The latest gaping fissure has pitted the West Indies Cricket Board (WICB) against the Legends, an imposing group of eminent players from the years of unparalleled supremacy.

The eight, comprising the most renowned, Sir Garry Sobers, along with Sir Vivian Richards, Sir Wes Hall, Sir Andy Roberts, Deryck Murray, Desmond Haynes, Charlie Griffith and Roger Harper, met in Grenada under Prime Minister Keith Mitchell, head of the CARICOM committee on cricket, to discuss last year’s review committee report on the WICB’s governance and structure.

They stated their unanimous support for the main recommendation that the board should be immediately replaced by a completely reformed body.

They described the WICB as “an oligarchic structure that considers itself answerable to no one but itself”.

“Although the WICB might see itself as a private entity, it is there for the public good and should therefore be accountable, in some way, to the governments and people of the Caribbean,” their statement added, reinforcing the point by citing India’s Supreme Court’s similar point to the privately-run BCCI (Board of Control for Cricket in India) last year.

It basically matched a paragraph in the Patterson Report in 2007, the first of the reviews on governance and structure by a panel headed by former Jamaica Prime Minister P.J. Patterson.

Fatal flaws

“The status quo is unacceptable,” it stated. “If there is absolutely no change in the structure and the method by which persons are chosen for a board that is manifestly dysfunctional, there will be no change in performance. We will continue to lurch from one crisis to another, to defeat after defeat, so long as the present structure remains with the fatal flaws that now exist.”

Proclaiming they are “very proud of our legacy”, the Legends said they could not “‘in good conscience stand idly by and watch everything we fought so hard to build and achieve disappear right before our eyes because of the actions of inept board members and incompetent board”.

It was a position flagged on the West Indies tour of Sri Lanka last year by Sir Garry’s emotional response to a question at a media conference about the state of West Indies cricket.
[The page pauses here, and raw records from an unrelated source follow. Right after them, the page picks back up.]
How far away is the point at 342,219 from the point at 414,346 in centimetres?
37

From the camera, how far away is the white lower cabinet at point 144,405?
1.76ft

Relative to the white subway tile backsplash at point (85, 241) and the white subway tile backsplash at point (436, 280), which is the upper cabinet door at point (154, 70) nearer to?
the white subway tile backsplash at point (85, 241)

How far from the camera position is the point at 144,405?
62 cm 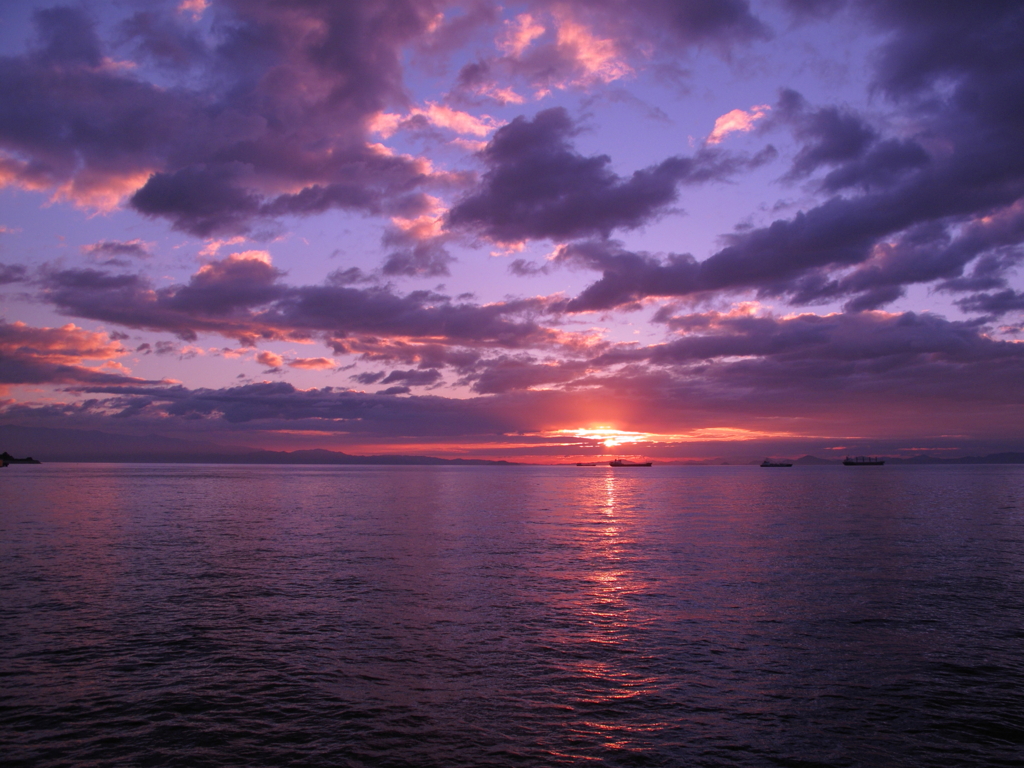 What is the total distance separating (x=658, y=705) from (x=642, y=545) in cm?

While the WICB offered a measured, detailed rejoinder, listing what it claimed were its advances over the past couple of years, the presence of Mitchell emboldened Conde Riley, a Barbados WICB director; Gregory Nicholls, a former secretary of Barbados Cricket Association (BCA), and articles in the Jamaica Gleaner to charge that they were “pawns in a game that is very much bigger than they themselves”, as Nicholls put it.

On a radio show in Barbados, Riley said he didn’t “like them using my National Hero [Sir Garry] to achieve what they are trying to achieve”.
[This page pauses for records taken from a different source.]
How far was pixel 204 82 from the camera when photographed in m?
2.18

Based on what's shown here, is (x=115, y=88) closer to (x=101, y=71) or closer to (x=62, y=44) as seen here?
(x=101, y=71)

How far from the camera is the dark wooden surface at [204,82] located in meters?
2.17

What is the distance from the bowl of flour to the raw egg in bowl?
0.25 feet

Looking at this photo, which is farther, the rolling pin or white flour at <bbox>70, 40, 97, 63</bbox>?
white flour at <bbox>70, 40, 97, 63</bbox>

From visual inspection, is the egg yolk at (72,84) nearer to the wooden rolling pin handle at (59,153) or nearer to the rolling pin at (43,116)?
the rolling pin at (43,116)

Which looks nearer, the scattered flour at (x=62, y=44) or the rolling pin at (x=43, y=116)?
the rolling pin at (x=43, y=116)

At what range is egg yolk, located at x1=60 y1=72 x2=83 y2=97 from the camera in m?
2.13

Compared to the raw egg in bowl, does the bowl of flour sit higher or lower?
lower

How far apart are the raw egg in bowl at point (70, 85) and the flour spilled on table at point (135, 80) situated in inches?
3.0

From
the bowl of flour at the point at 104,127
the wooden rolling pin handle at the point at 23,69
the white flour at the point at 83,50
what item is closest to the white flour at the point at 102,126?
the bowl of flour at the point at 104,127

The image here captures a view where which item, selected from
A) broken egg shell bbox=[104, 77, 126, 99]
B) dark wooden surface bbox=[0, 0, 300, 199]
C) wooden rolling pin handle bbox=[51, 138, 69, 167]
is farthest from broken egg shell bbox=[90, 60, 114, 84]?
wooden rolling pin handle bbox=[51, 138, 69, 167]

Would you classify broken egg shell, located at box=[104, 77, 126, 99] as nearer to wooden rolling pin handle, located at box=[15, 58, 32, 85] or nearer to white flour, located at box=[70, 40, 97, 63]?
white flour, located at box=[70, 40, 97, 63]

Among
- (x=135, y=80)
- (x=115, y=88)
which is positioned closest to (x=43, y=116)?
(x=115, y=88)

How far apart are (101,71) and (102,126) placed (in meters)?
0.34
Riley and Orville Higgins, in his column in the Jamaica Gleaner, introduced the red herring of the Legends’ salaried roles on the board of the Texan Allen Stanford’s 20/20tournaments on his custom-made ground in Antigua in 2006 and 2008. Before Stanford’s arrest on fraud charges in February 2009, the WICB, under president Julian Hunte with Dave Cameron his deputy, along with all the individual boards, took part. So did the England Cricket Board (ECB), sending an England team to the US$20 million match in 2008.

Great respect

“Many of us suspected his wealth couldn’t be all above board,” Higgins claimed. “None of that stopped some of these same legends from being his personal sidekicks, smiling and nodding for the cameras while their bank book was being fattened.”
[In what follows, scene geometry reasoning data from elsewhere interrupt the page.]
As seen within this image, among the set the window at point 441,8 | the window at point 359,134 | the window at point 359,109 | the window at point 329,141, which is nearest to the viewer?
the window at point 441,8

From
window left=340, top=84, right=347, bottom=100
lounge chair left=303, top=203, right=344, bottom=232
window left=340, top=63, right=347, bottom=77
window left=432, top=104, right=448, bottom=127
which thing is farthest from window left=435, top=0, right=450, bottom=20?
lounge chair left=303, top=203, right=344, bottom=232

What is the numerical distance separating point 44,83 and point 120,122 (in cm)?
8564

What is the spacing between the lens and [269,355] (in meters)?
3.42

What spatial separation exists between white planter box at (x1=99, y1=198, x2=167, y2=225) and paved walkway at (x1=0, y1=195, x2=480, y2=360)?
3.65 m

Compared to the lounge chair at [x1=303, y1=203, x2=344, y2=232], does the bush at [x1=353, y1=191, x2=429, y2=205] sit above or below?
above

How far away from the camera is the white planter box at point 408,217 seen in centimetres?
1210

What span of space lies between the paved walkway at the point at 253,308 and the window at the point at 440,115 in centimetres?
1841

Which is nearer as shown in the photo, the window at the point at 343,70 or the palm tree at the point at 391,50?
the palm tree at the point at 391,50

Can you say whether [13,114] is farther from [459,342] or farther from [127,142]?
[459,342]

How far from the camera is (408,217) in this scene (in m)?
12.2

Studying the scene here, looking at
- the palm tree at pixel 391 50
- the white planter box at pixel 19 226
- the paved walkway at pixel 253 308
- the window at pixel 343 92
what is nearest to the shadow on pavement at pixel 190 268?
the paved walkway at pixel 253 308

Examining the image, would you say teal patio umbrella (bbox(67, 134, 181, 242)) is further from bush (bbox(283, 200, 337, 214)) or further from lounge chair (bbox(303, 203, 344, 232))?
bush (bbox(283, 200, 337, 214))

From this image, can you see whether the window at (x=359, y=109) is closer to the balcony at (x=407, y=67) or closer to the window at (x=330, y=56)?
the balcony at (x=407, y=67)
Riley said that he didn’t want “someone to again so use my Legends for whom I have great respect”. There was no suggestion that Riley’s unequivocal support made him president Cameron’s “sidekick”.

On the same radio programme, Fazeer Mohammed, the respected Trinidadian writer and commentator, made the obvious point in answer to such comments, noting that it infers that the relevant Legends “don’t have a brain of their own”.

“They are all individuals with great standing in the game who have shown their intellect in the game,” he noted. “To imply that they are mere pawns of Caribbean power-hungry prime ministers or whatever almost seems to suggest that they don’t have the ability to speak in their own right.”

The WICB conceded that one proposal rejected from the several of its commissioned reports on governance and structure was for the addition of another level to the organisation; otherwise it listed what it claimed were its improvements in recent years.

Congratulating the teams, the two held contrasting views on the reason for the West Indies victories in the Under-19 World Cup in February and both women’s and men’s World Twenty20s in India in March and April.

The Legends saw them as “outstanding achievements considering the weaknesses in the WICB and poor relationships between the board and its players and coaches as highlighted by captain Darren Sammy in his heartfelt comments after the T20 final”.

The WICB held that they were due to the influence of the high-performance programme implemented just over two years ago.

“That there are small groups clamouring for the board’s dissolution is reason to ask, what more could a region want?” it asked. The fact that six West Indians in the XI in the final were committed to various domestic franchise leagues told a different story on that score.

Such differences will continue to open the cracks between them even wider, to the continuing detriment of West Indies cricket. (TC)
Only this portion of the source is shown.